Il a beau être sous mandat d'arrêt de la CPI, Benyamin Netanyahou a été autorisé par le gouvernement français à survoler l'Hexagone. Le premier ministre israélien se rendait à 
Washington pour rencontrer Donald Trump ce 28 juillet.


Combien de fois depuis le début du génocide à Gaza le gouvernement français a laissé Benyamin Netanyahou, sous mandat d’arrêt de la cour pénale internationale, survoler l’hexagone ? L’avion qui transportait le premier ministre israélien de Tel-Aviv à Washington, où il doit rencontrer Donald Trump ce 28 juillet, a obtenu l’autorisation de survoler le territoire français , selon une source diplomatique.

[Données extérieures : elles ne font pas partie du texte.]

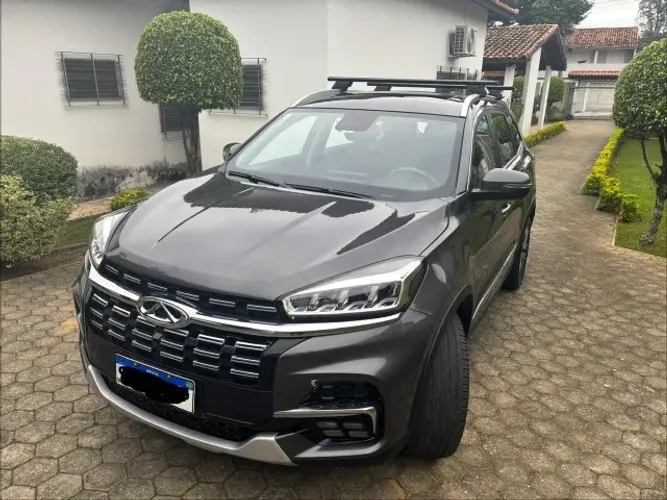 Chery Tiggo 8 TXS 1.6 Turbo Tgdi AUT 2022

Il y a un an, le sujet avait déjà été soulevé à l’Assemblée nationale. Le 7 juillet 2025, pendant les questions d’actualité au gouvernement, le député insoumis Christophe Bex avait rappelé que Benyamin Netanyahou avait survolé la France à deux reprises cette année là : les 2 et 9 février ainsi que les 6 et 8 avril, à chaque fois en route vers son allié américain.
D’autres pays n’ont pas hésité à contraindre l’avion de Netanyahou à effectuer une déviation


Les deux fois, l’autorisation a été donnée au mépris du mandat international délivré par la Cour pénale internationale (CPI) contre le premier ministre israélien pour crimes de guerre et crimes contre l’humanité commis dans la bande de Gaza. Certes, le droit international n’oblige pas directement les États ayant ratifié le Statut de Rome d’interdire leur espace aérien aux personnes sous mandat d’arrêt de la CPI.
Mais, il les oblige avec la Cour dans les enquêtes et poursuites qu’elle mène et a donc l’obligation d’arrêter quelconque personne visée par un mandat de la CPI présente sur son territoire. D’autres pays, comme l’Islande, l’Irlande ou les Pays-Bas n’avaient pas hésiter dans la nuit du 6 au 7 avril 2025 a contraindre l’avion de Netanyahou à effectuer une déviation de 400 kilomètres.


C’est donc un drôle de signal qu’envoie Emmanuel Macron en bafouant ainsi la justice internationale alors que, dans le même temps, les colons se déchaînent en Cisjordanie.